There is no way for any person to determine what is important for another person. But it is possible to tell when another person has only a weak felt sense of the important, because attention seems short and distractible. This is called Attentional Deficit Disorder (ADD)*. With ADD, people are not able to use the feeling of important as an anchor for attention. Instead the anchor of interesting is used. Sometimes the interesting and the important overlap. The interesting however is subject to rapid decay--it is based on novelty or change. The interesting part of things tends to be the start, and the important parts tend to be in the middle and end. With ADD, one tends to start many things and not finish them. Therefore with ADD people feel they have never done anything important, and there is a truth to that. Important is not a aspect intrinsic to an activity, person, or thing, but is an aspect of one's relationship to that activity, person, or thing. Growing up and living in high-stimulus environments seems to skew development toward 'ADD' whatever the underlying tendency.

*This is not meant to be a summation of ADD or ADHD which is a complex patterns of functioning.

Derealization generally is the changing of perception so that the world doesn't seem real. With overuse of information technology, there is a disconnect between actions or points of view and effects in the real world. On the internet, the pseudo-interaction with others allows one to undertake challenges without putting one's ego on the line. For instance if a man flirts with a woman in person, the proximity of the other body and the 'realness' requires ego effort, and produces changes and signals in the body. For the shy perhaps it feels impossible effort. On the internet though, one's mind becomes detached from the body. Unlike the body, the mind has no sense of 'enough' or 'what is real'. Whereas in real life undertakings, the interpersonal and gut-holding aspects involved act as self-limiting and balancing factors. The disinhibition frequently observed in on-line activities is perhaps not so much a cure to repression as it is a failure in reality testing.
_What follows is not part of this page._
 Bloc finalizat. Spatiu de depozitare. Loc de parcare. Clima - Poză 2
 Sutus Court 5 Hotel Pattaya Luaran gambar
'Enriched Picking,' Screen Time, and Dopamine Abuse

The human brain is wired to favor opportunity. Anytime something is found that is promising (though not certain) to improve experience, the mind tends to drop what it is doing and 'follow the trail' to find if there is more of the same. This preference is mediated by dopamine in the reward center of the brain. Traditionally, opportunities were by chance and not that frequent. With the development of retail marketing, it became not just possible, but also good business to manipulate the human response to opportunity. This is the nature of a large store or mall, where the display windows contain the most promising items in order to get shoppers to follow the trail inside. Window shopping became known as a mood lifter because it enhances dopamine. Still, shopping requires some travel and movement and can only be manipulated so much. Hoarding may have an element of manipulating the opportunity response.

But with the advent of browsing and screen applications in the last twenty years, the ability to manipulate the opportunity/reward/dopamine system took an exponential leap. Every click or touch is following a trail. This is truly addicting. I call it 'enriched picking' and and the effects are insidious but cumulative. A situation that provides essentially "no wrong click," indefinitely manipulates a human's wiring to ignore the 'present' if an 'opportunity' for 'future gain' 'pops up'. It does not matter how sound the topics searched, mere screen time past a point will start to change the way the brain works.

Video games were the first to deliberately use this dopamine spigot, to keep people playing. The key is to make most clicks rewarding but just not every single one. This keeps the opportunity seeking aspect going, but keeps real effort and challenge low. But over time blogs, message boards, instant messaging, social-networking sites, and wikipedia all can be addicting because they are naturally imperfect but have an enriched interestingness that the user manipulates. (This contrasts to a book, which has interesting parts but the reader must follow as it is written and does not jump around.)